Thousands of people were evacuated to shelters in schools and other public buildings in suburban Beijing and in the nearby cities of Tianjin and Zhuozhou.
The severity of the flooding in the wake of typhoon Doksuri took the capital by surprise. Beijing usually has dry summers and had a stretch of record-breaking heat this year.
Other areas, especially in the south, have suffered unusually severe summer flooding that caused scores of deaths. Other parts of the country are struggling with drought.
Muddy water surging down streets washed away cars in the Mentougou district on Beijing’s western edge.

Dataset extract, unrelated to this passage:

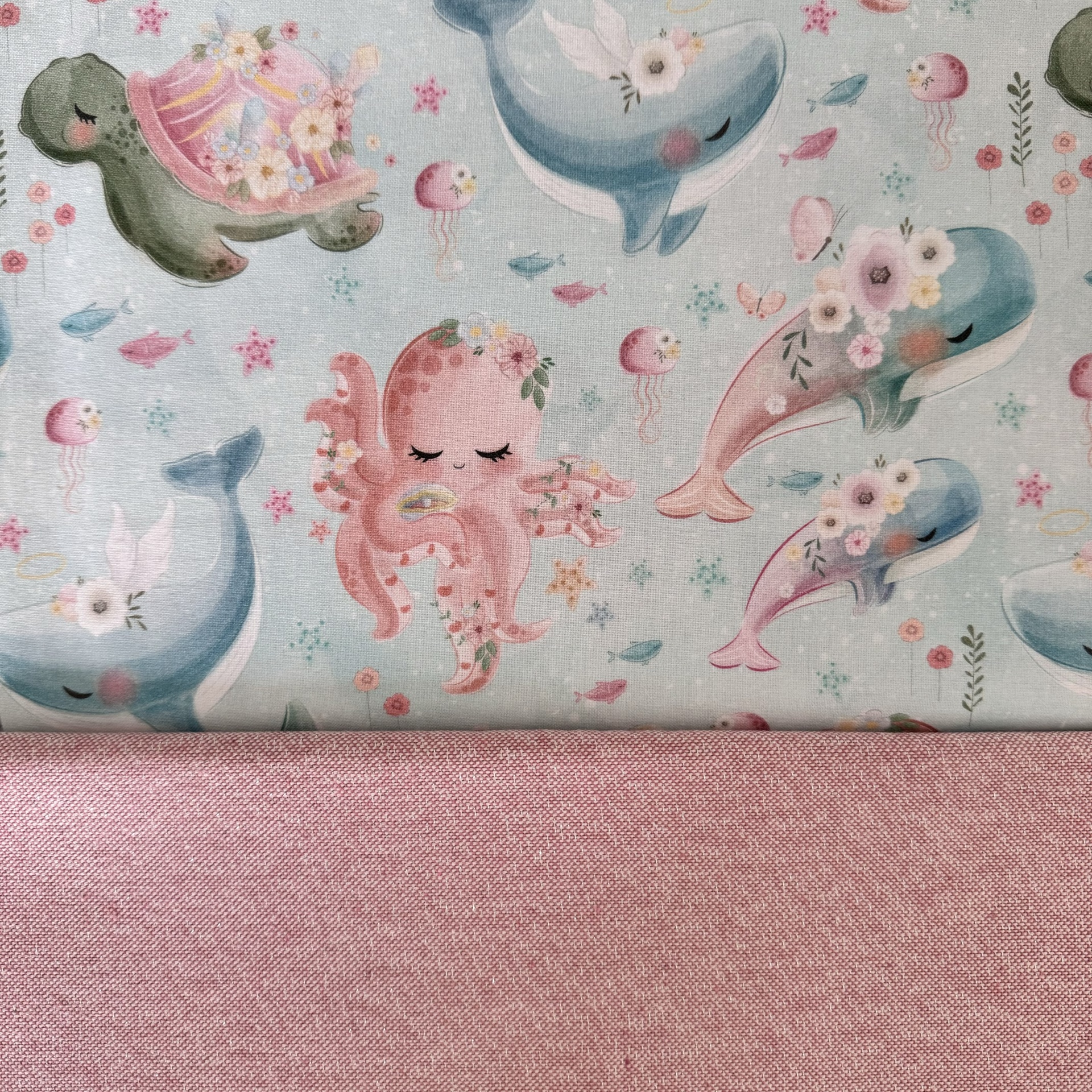 tecido infantil com animais marinhos coloridos e tecido rosa texturizado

“The cars parked on the street floated and got washed away,” resident Liu Shuanbao said. “A couple of cars parked behind my apartment building disappeared in just one minute.”
Emergency workers used bulldozers to clear streets while residents waded through mud.

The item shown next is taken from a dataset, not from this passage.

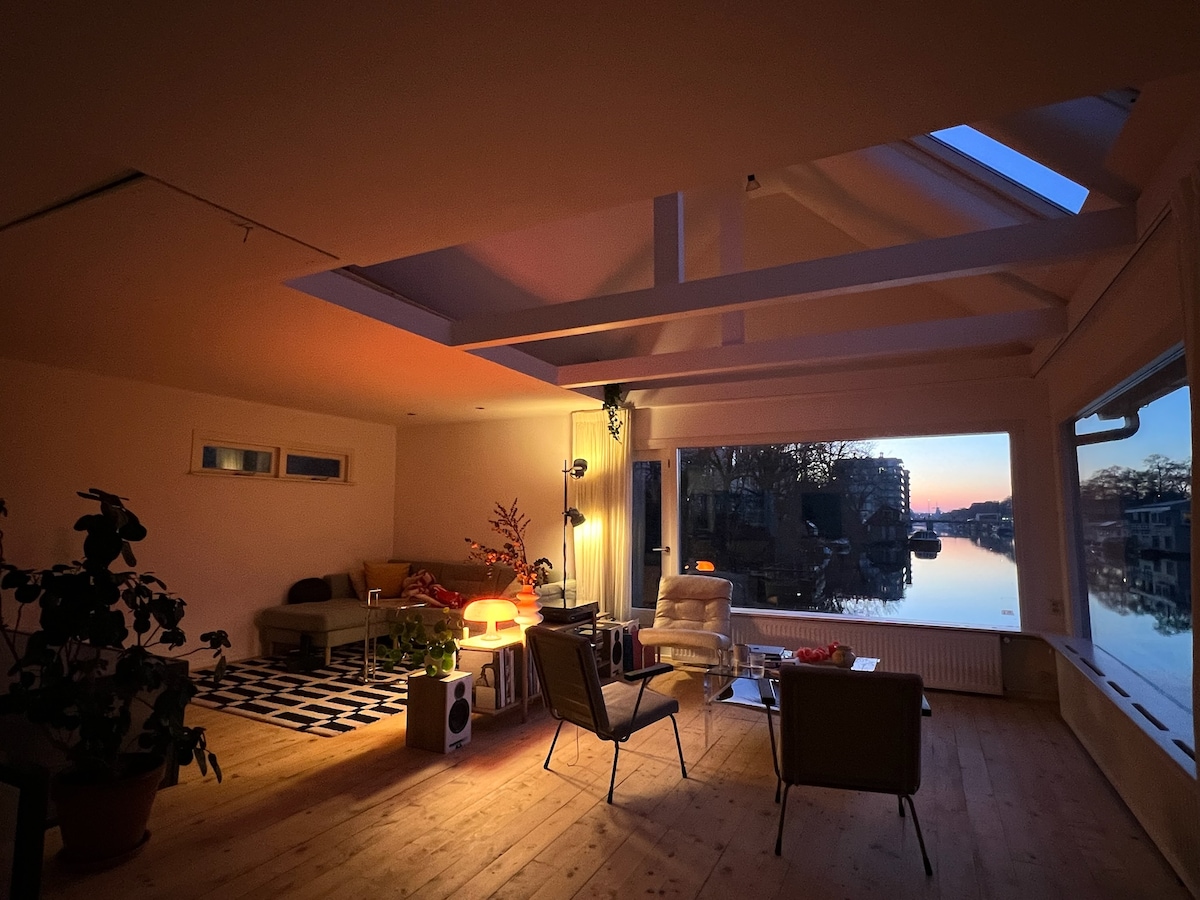 A spacious living area features large windows offering a view of the canal at sunset. Natural light filters through the skylights, illuminating the room. Comfortable seating arrangements include two chairs and a modern sofa, with potted plants enhancing the serene environment.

“Neither officials nor ordinary people expected the rain to be so heavy,” said Wu Changpo, another Mentougou resident. “There were a lot of landslides and flooded villages. I cried repeatedly seeing these reports.”
Eleven deaths were reported in Beijing and authorities were looking for 27 missing people, according to the official Xinhua News Agency. Nine deaths were reported in Hebei province, which surrounds the capital. Doksuri is one of the strongest typhoons to hit China this year. It landed in the south-eastern province of Fujian on Friday.

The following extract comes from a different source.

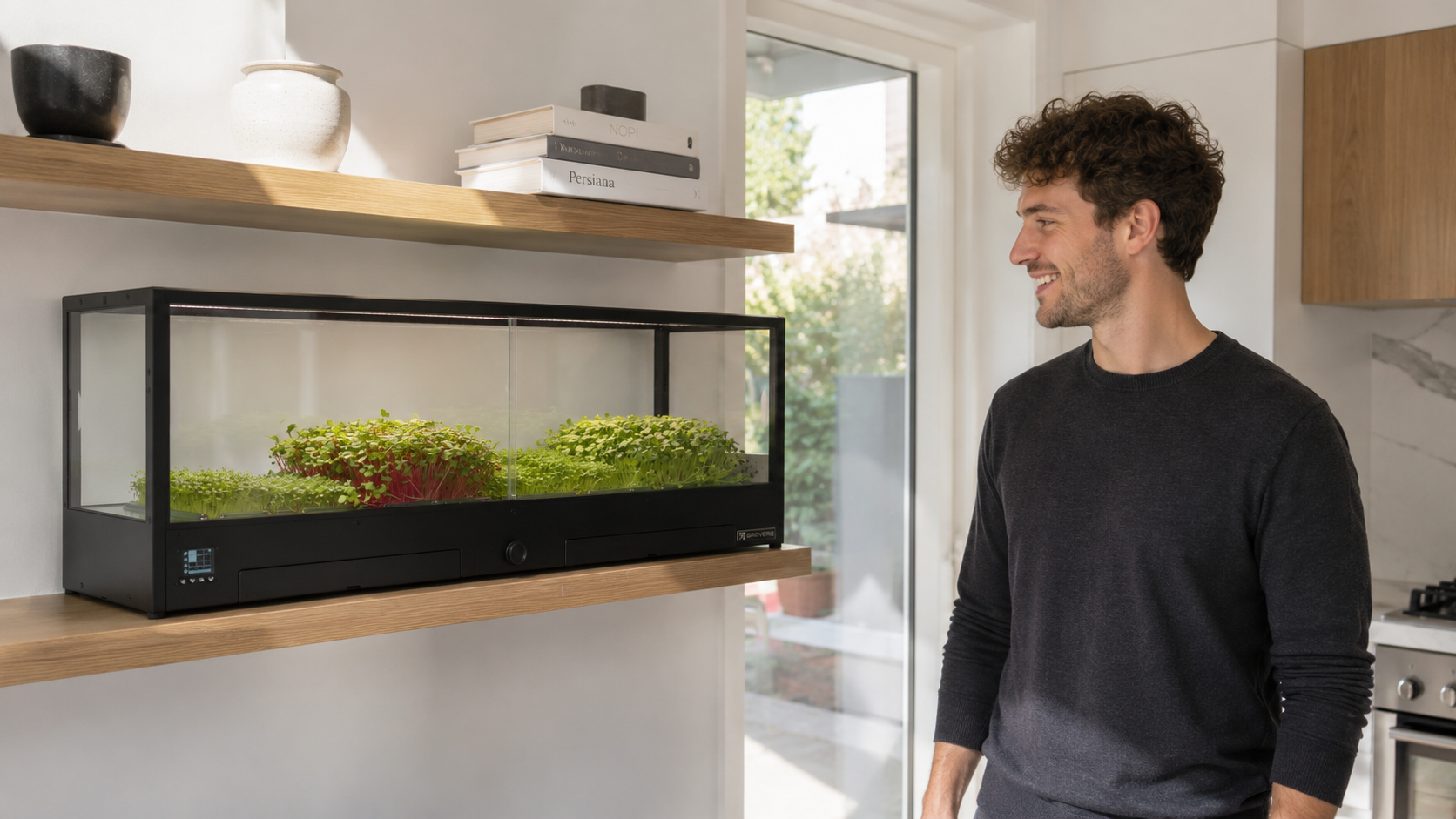 Man standing in front of Minigro, an indoor microfarm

Power to some 60,000 homes in Beijing’s Fangshan district was knocked out, Phoenix TV reported on its website.
In Zhuozhou, south-west of Beijing, some 125,000 people from high-risk areas were moved to shelters, Xinhua said.
President Xi Jinping issued an order for local governments to go “all out” to rescue those trapped and minimise loss of life and property damage.
The government of Tianjin, a port east of Beijing, said 35,000 people were evacuated from near the swollen Yongding River.
As much as 500 millimetres of rain have fallen in some places since Saturday, according to the Hebei province’s weather agency. Mentougou, a hilly and partly rural suburb to the west of Beijing, had a record of nearly 700 millimetres in 2½ days, more than double what the rest of the city averaged during the deluge. Some areas reported as much as 90 millimetres of rainfall an hour.
Some 13 rivers exceeded warning levels in the Haihe Basin, which includes Beijing, Tianjin and Shijiazhuang, Xinhua said, citing the Ministry of Water Resources.
Officials also announced plans to release some water from the Hai River to parts of Hebei and Tianjin to slow the rapidly increasing flow. The water release starts early on Tuesday to Hebei areas and is expected to reach Tianjin around August 9, according to local newspaper Tianjin Daily.
About 42,000 people were evacuated from areas of Shanxi province to Hebei’s west, it reported, citing emergency officials.
In early July, at least 15 people were killed by floods in the south-western region of Chongqing, and about 5590 people in the far north-western province of Liaoning had to be evacuated. In the central province of Hubei, rainstorms trapped residents in their vehicles and homes.
China’s deadliest and most destructive floods in recent history were in 1998, when 4150 people died, most of them along the Yangtze River.
In 2021, more than 300 people died in flooding in the central province of Henan. Record rainfall inundated the provincial capital of Zhengzhou on July 20 that year, turning streets into rushing rivers and flooding at least part of a subway line.